* **PROBLEM REQUIREMENTS**
Output exactly, and only, the stretch of lines beginning at the line with "Newly built wooden" and ending at the last line of the listing below. Drop the pictures.

* **SOURCE MATERIAL**
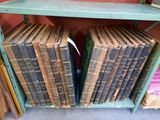 Des livres sont empilés sur une étagère dans une pièce dont l'un des murs est rouge.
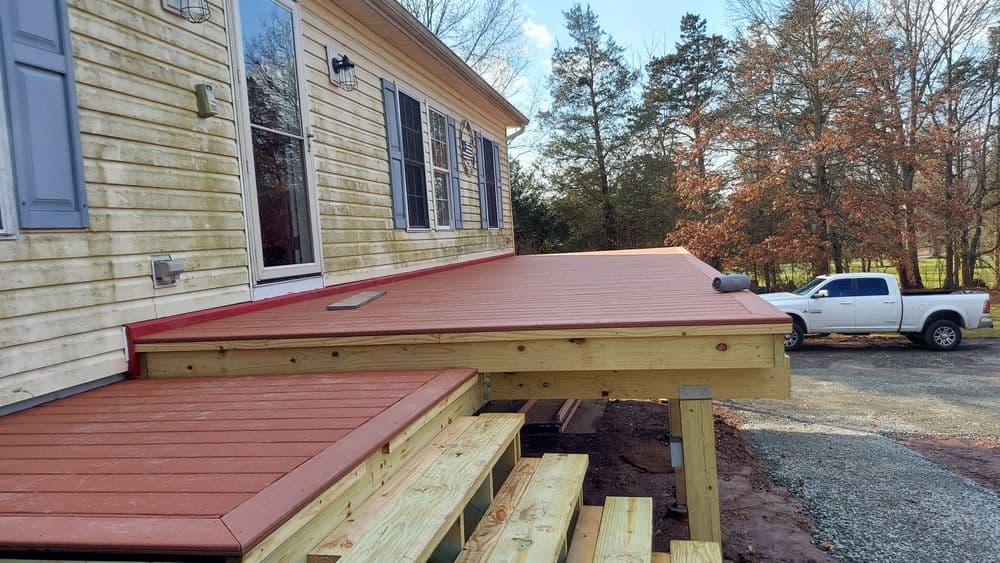 Newly built wooden deck attached to a house with steps, showcasing quality craftsmanship.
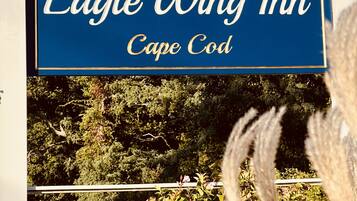 A sign for Eagle Wing Inn in Cape Cod with a sailboat logo.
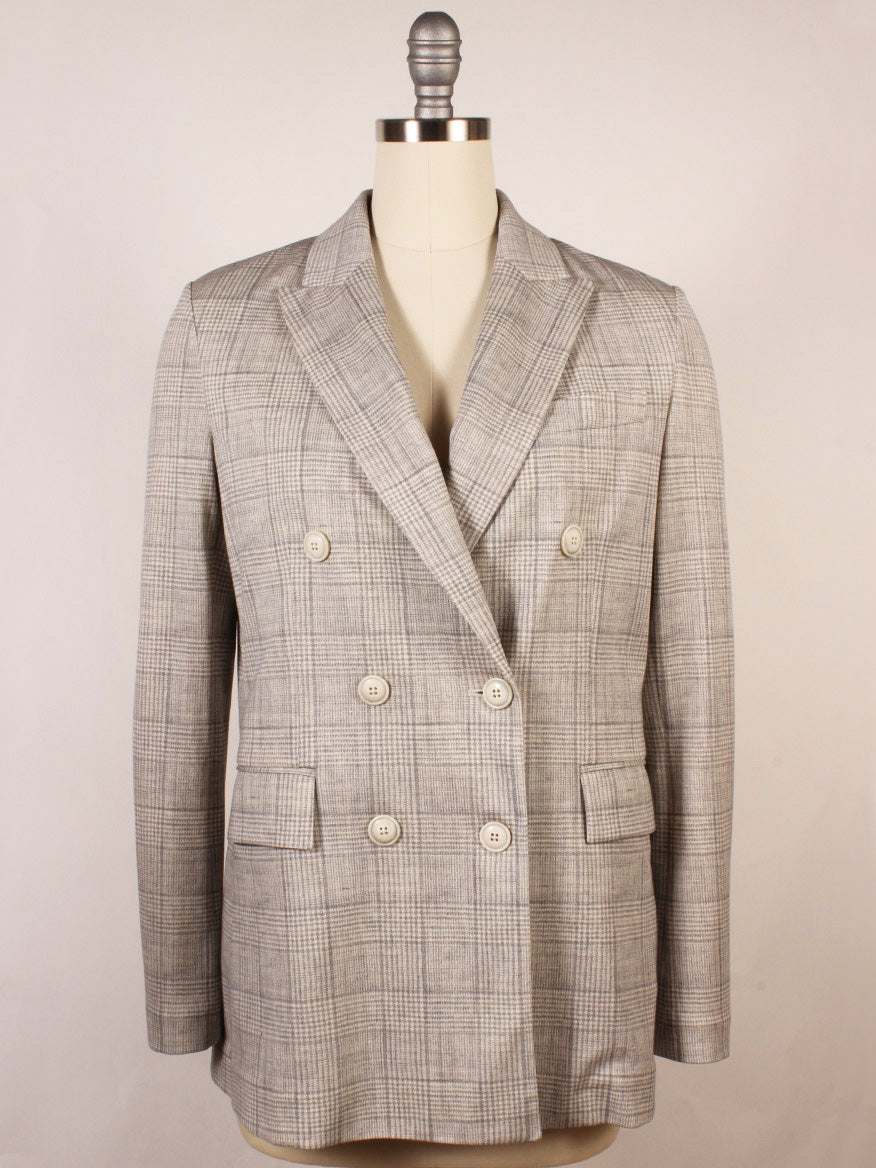 The Circolo 1901 Prince of Wales Double-Breasted Jacket in Grey, featuring peak lapels and front flap pockets, is displayed on a dress form against a plain background.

* **FINAL ANSWER**
 Newly built wooden deck attached to a house with steps, showcasing quality craftsmanship.
 A sign for Eagle Wing Inn in Cape Cod with a sailboat logo.
 The Circolo 1901 Prince of Wales Double-Breasted Jacket in Grey, featuring peak lapels and front flap pockets, is displayed on a dress form against a plain background.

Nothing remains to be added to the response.